I was invited to elaborate my position on recording in performance testing. Originally the discussion started as a comment to Ragnar Lönn's post Open Source Load Testing Tool Review published here earlier.
Then the discussion moved to my post The Role of Recording in Load Testing Tools.
Truly speaking, I was rather surprised by the discussion. From my experience, the need for general-purpose load testing tools to support recording is quite obvious. Many technologies generate so sophisticated HTTP requests that recording is practically the only option. The lack of advanced recording functionality automatically limit the areas where the tool may be used.

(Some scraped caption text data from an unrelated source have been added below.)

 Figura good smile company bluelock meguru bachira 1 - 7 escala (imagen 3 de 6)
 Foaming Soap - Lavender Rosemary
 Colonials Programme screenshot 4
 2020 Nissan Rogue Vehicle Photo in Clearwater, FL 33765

And recording here doesn't mean just plain recording – but also include all functionality needed to efficiently create a working script from it. It requires a lot of efforts to implement it properly. It is not surprising that it is usually a weak spot of most open source products (and many don't support it at all).
It doesn't mean, of course, that there is no space for tools that doesn't support recording or support it in a simplified way. Definitely there are numerous cases where programming or simple recording works – as we see from a number of such products on the market and the number of people using them. Of course, there is no need in more sophisticated tools when a simple one works for your system. However, if you need to test different systems (typical, for example, for corporate environments), you rather need all possible help you can get from the tool.

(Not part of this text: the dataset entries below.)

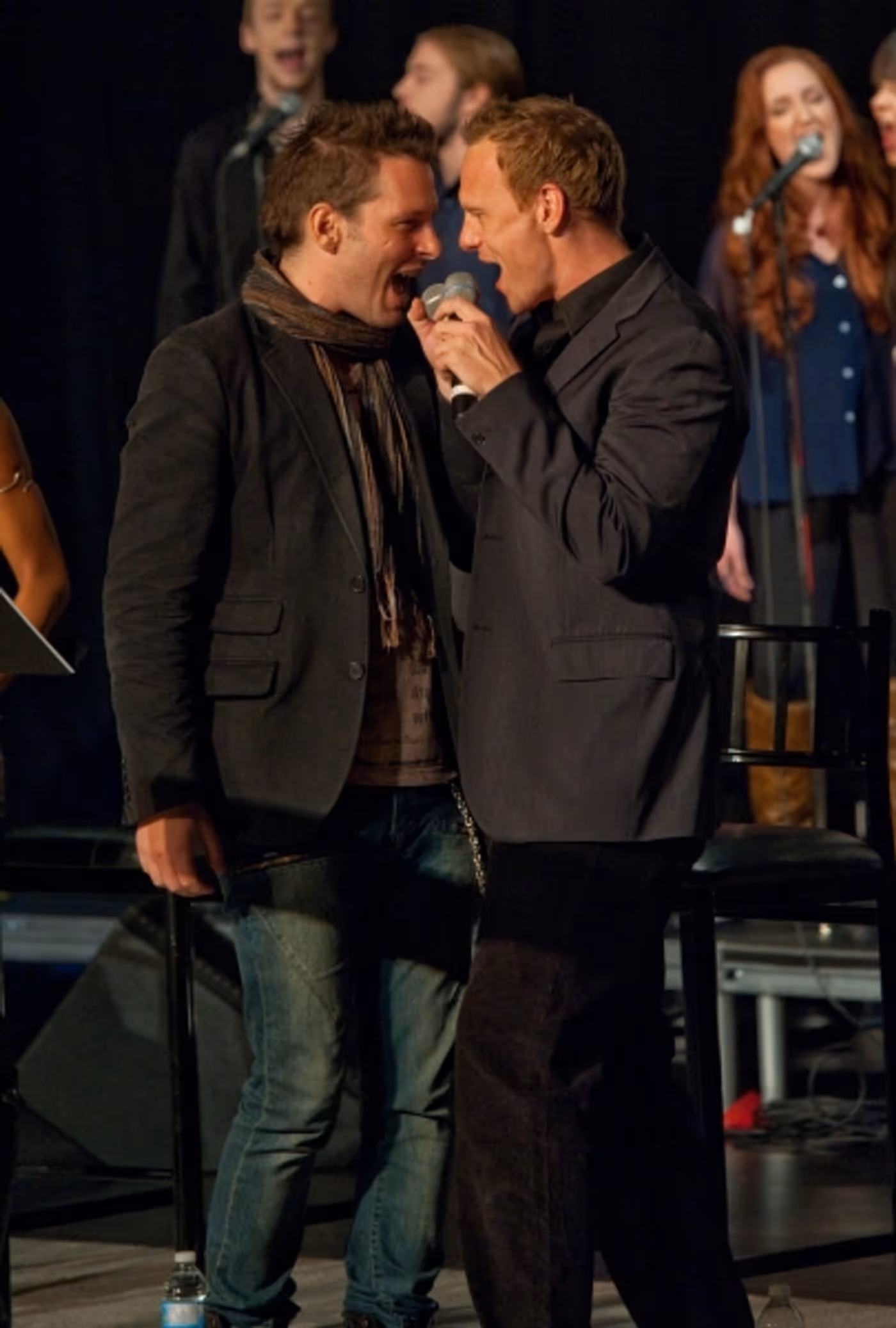 Photo Coverage: Canadian Cast of RENT Reunites for 15th Anniversary in Support of Fife House  Image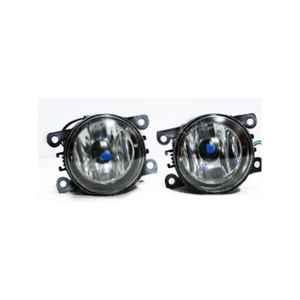 Autogold Fog Lamp Assembly for Maruti Swift Type 2, WagonR Type 4, AG77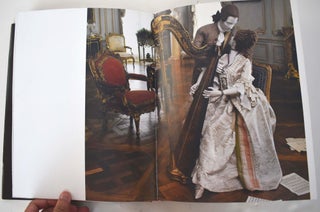 Dangerous Liaisons: Fashion and Furniture in The Eighteenth Century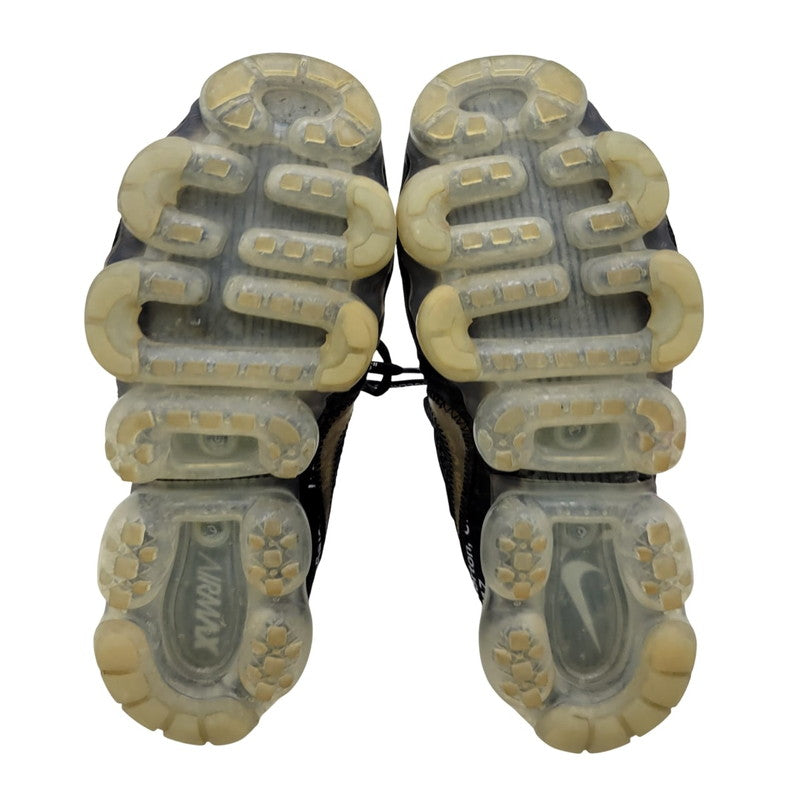 【中古品】【メンズ】 NIKE ナイキ × OFF-WHITE オフホワイト AIR VAPORMAX AA3831-002 エアヴェイパーマックス スニーカー シューズ 靴 160-250531-as-08-izu サイズ：26.5cm カラー：BLACK/CLEAR-TOTAL ORANGE 万代Net店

There are multiple aspects of recording. Support of different technologies is, of course, the first. Unfortunately, it happens often enough that there are issues with recording of sophisticated / new technologies even in mature products. There are cases when it just doesn't work. And there are cases where other approaches to create scripts may work better. Recording is definitely not the only approach and not necessarily always the best (although it was the mainstream approach to load testing until now – and, while we see more alternatives now, I suspect still is).
Actually I always suggested to use other approaches to scripting when recording is not optimal – I presented Custom Load Generation in 2001 (basically recommending to use API calls inside load testing tools) and then elaborated the topics across multiple presentations. However, all these alternative approaches have their own limitation - so now I want to highlight the power and importance of recording as it looks like it is sometimes missed nowadays.

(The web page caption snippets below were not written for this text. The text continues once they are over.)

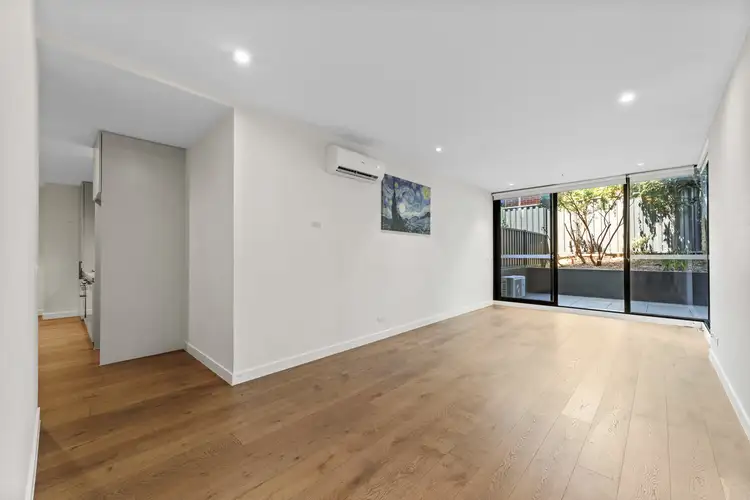 Second view of Homely apartment listing, G07/19 Poplar Street, Box Hill VIC 3128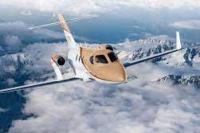 HondaJet Elite S Dikenalkan Honda Aircraft 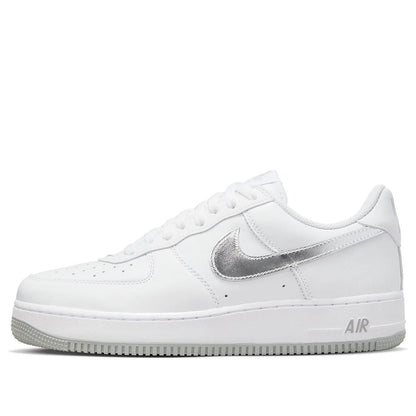 Nike Air Force 1 Low “Color of the Month – White Silver”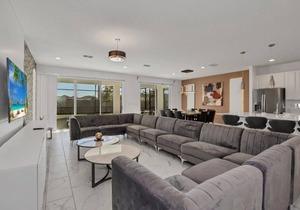 You have Found the Ultimate Mansion on Sonoma Resort, Orlando Mansion 5053
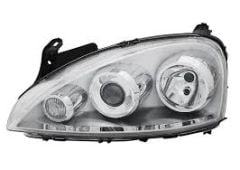 Opel Corsa C Sol Mercekli Far Depo Marka 1216177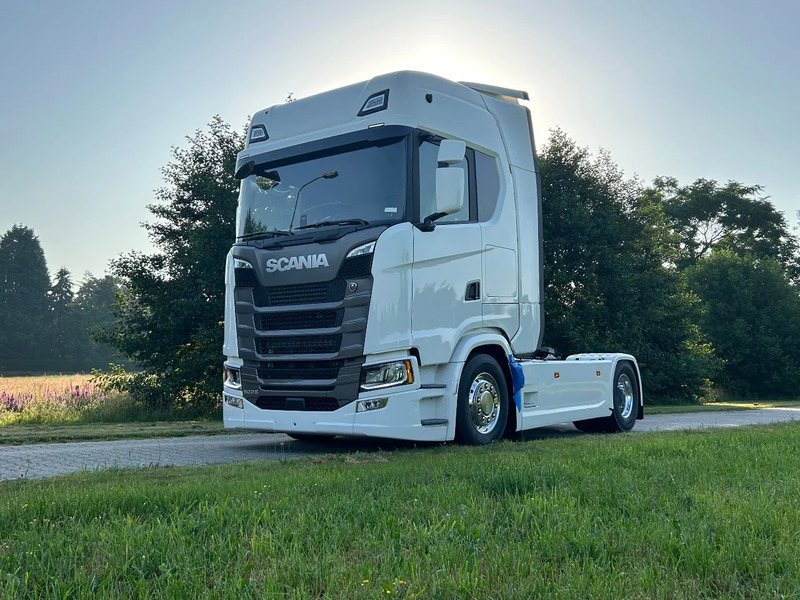 Scania S500 NGS | 4x2 NB | 4 BALOON SUSP. | PARK-COOLER | RETARDER | FULL-AIR | PTO PREP. | ACC | - مقطورة السحب: صورة 1 Scania S500 NGS | 4x2 NB | 4 BALOON SUSP. | PARK-COOLER | RETARDER | FULL-AIR | PTO PREP. | ACC | - مقطورة السحب: صورة 1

It is often advised to use API for scripting. It is a good advice – if you have a stable API and you know exactly what calls are invoked for each user action (or when you are just testing APIs – which is a noble task by itself when complemented by testing of the whole product). Unfortunately, quite often it is not the case (we are not diving into the discussion here what product architecture and design should be - just stating the fact that it is not usually so straightforward in real life).
Even if you have a good REST API – recording allows you to see the actual sequence of requests and actual parameters used instead of trying to figure them out yourself from a scratch. As the client-side parts become more sophisticated (we rarely see simple HTML anymore), it is often not obvious at all. Actually, when I test products using APIs, I usually uncover a lot of issues with the recording – such as duplicate or unnecessary calls. Or that the calls actually used are different from what developers believed are used.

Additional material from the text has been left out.